*WHAT IS REQUIRED*
Everything from the line with "Amethyst Kristalle in" to the end of the data below, both lines included, should be transcribed exactly; please omit the pictures.

*DATA EXCERPT*
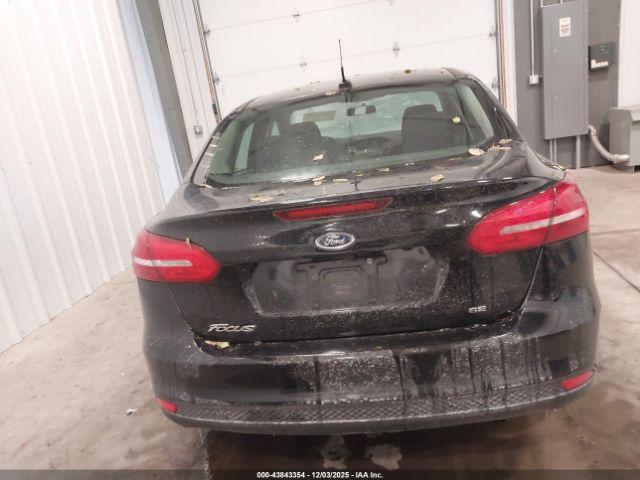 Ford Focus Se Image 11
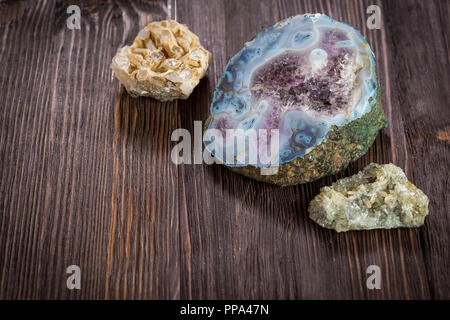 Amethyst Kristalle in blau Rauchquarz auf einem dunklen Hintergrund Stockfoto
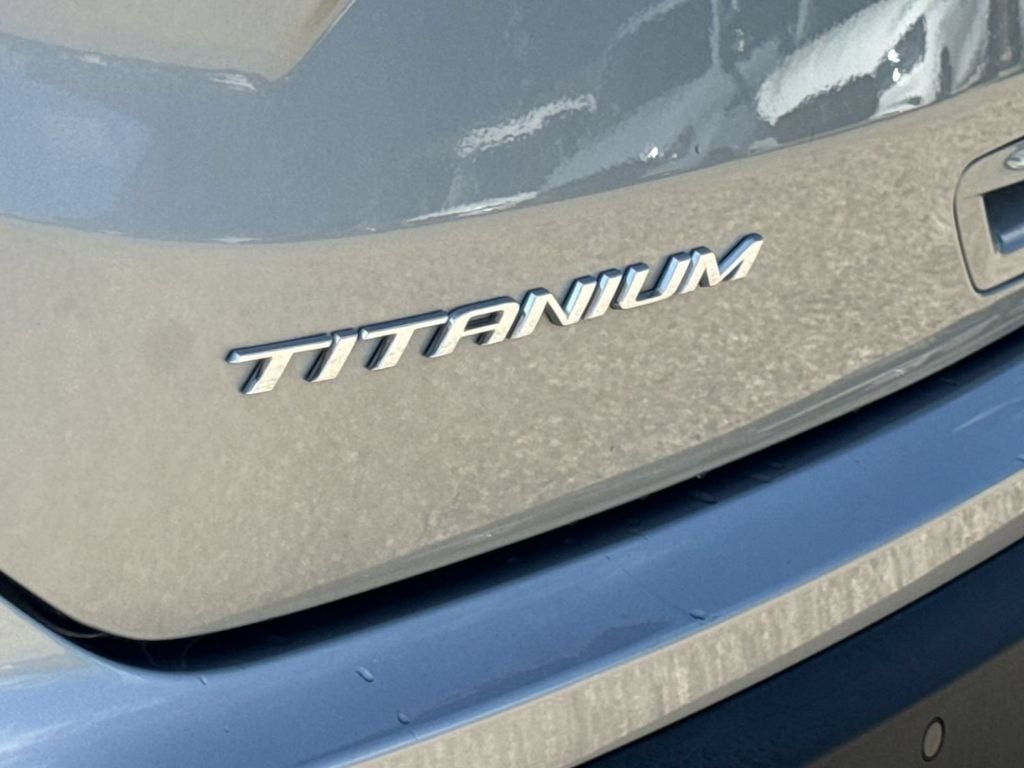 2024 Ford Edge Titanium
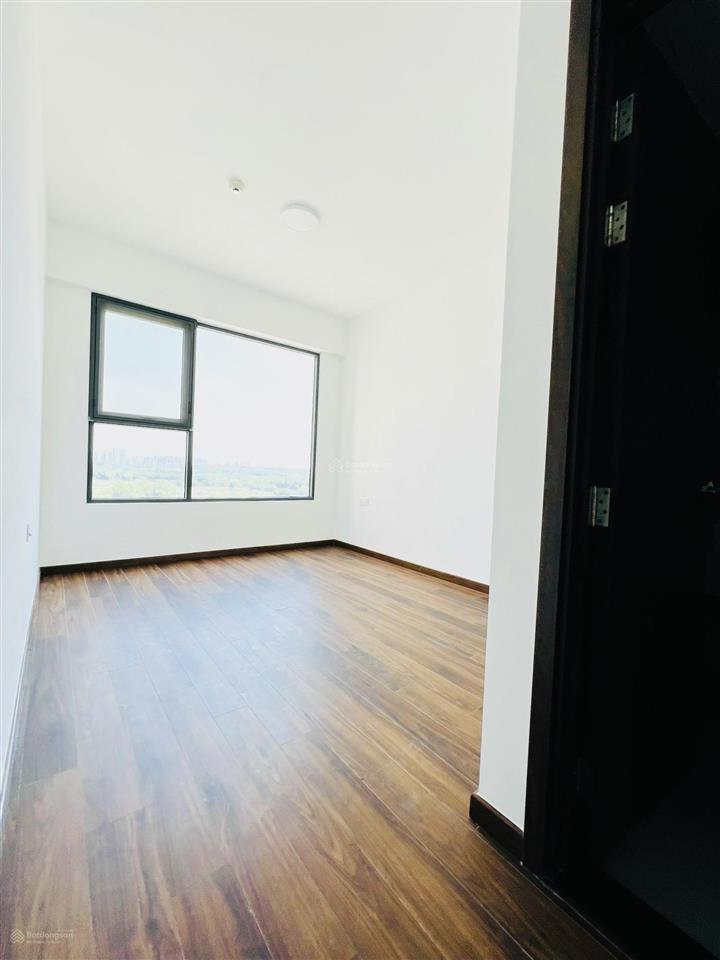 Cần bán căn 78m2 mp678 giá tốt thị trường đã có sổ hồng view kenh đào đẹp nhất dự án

*SOLUTION FOR THIS TASK*
 Amethyst Kristalle in blau Rauchquarz auf einem dunklen Hintergrund Stockfoto
 2024 Ford Edge Titanium
 Cần bán căn 78m2 mp678 giá tốt thị trường đã có sổ hồng view kenh đào đẹp nhất dự án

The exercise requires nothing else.